Proud Camden presents Bob Marley & the Golden Age of Reggae, an exhibition of photographs by celebrated photographer Kim Gottlieb-Walker. This exhibition is a stunning visual record of the “golden age of reggae” to mark the 30th anniversary of Bob Marley’s death this May. 
© Kim Gottlieb-Walker 

During 1975 and 1976, renowned underground photo-journalist Kim Gottlieb-Walker and her husband, Head of Publicity at Island Records Jeff Walker, documented what is now widely recognised as the Golden Age of reggae. Over two years of historic trips to Jamaica and exclusive meetings in Los Angeles, Kim took iconic photographs of the artists who would go on to define an era and captivate a generation. 

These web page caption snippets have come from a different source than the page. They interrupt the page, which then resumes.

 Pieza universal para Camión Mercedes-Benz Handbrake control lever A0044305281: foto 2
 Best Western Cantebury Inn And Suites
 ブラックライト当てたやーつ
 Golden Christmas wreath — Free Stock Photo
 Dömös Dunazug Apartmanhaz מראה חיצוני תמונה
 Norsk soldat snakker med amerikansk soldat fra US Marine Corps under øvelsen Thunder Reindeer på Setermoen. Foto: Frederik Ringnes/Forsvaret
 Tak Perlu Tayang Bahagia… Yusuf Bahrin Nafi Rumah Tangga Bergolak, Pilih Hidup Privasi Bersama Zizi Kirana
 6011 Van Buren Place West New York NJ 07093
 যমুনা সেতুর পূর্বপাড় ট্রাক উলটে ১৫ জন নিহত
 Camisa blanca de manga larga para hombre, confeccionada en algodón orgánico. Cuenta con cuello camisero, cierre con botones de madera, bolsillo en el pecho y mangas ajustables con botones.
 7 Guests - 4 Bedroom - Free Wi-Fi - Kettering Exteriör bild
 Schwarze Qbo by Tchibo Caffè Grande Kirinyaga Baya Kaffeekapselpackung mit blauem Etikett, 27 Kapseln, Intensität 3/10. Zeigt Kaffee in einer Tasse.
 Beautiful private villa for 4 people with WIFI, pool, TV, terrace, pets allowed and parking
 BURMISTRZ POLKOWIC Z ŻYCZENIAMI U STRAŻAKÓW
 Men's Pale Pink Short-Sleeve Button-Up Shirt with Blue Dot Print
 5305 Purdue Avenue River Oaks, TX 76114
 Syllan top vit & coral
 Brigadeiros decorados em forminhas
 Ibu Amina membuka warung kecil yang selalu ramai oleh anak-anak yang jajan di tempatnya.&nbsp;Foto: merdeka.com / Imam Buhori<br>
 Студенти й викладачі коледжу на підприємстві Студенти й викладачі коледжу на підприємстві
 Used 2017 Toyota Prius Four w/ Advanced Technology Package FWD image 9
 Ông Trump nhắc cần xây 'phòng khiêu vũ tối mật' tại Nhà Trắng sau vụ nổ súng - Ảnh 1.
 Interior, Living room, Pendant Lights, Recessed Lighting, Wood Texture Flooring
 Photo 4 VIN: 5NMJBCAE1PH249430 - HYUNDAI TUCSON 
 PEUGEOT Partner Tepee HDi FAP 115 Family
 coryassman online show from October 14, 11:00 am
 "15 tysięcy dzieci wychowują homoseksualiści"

Proud Galleries has worked with Kim Gottlieb-Walker to create an exhibition of candid and intimate photographs of the artists and producers who brought the reggae sound to the international stage, including Peter Tosh, Bunny Wailer, Toots Hibbert, Burning Spear, Lee “Scratch” Perry and, of course, Bob Marley. This exhibition includes never-before-seen photographs and is a stunning photographic record of one of the most exciting moments in recent musical history, with a warmth and intimacy born out of the respect between Kim Gottlieb-Walker and the artist. 

Proud Galleries

Proud Galleries was launched in Autumn 1998. Its ethos? To bring the very best in high quality photography to the mainstream market. Proud instantly took the photography world by storm and quickly grew into Europe’s most popular private photography gallery.
Today the Proud brand runs on of the most visited destinations in London. Two galleries, a live music venue, and a Cabaret club have cemented its success and in a harsh economic climate, Proud continues to expand.

Never failing to exhibit the work of the world’s best photographers, Proud has hosted shows by everyone from Terry O’Neill to Jerry Schatzberg, Gered Mankowitz to Ken Russell. With star-studded launch parties and some of the best press coverage in the country, the unique Proud formula has situated the company at the very top of its game.

Kim Gottlieb-Walker

Kim Gottlieb-Walker's incredibly varied career has covered everything from classic rock and roll, reggae, and politics in the 60‟s and 70‟s to working on major motion pictures and television shows. 

While still at UCLA (where she received a BA in Motion Picture production) and shortly thereafter, she shot for the underground Los Angeles press including magazines like Crawdaddy and Music World and shot her classic portraits of Jimi Hendrix when she was only 20. Her High Times cover of Bob Marley remains their most popular cover, ever. In the mid-seventies, she freelanced extensively for Island Records documenting the reggae performers all over Jamaica. She also shot the stills for John Carpenter’s “Halloween,” “The Fog,” “Christine” and Escape from New York” and worked at Paramount for nine years as the production photographer for “Cheers” and five years for “Family Ties.” She has served for over two decades as an elected representatives for still photographers on the National Executive Board of IATSE Local 600, the International Cinematographers Guild. Titan Press has recently published her first photo book Bob Marley and the Golden Age of Reggae.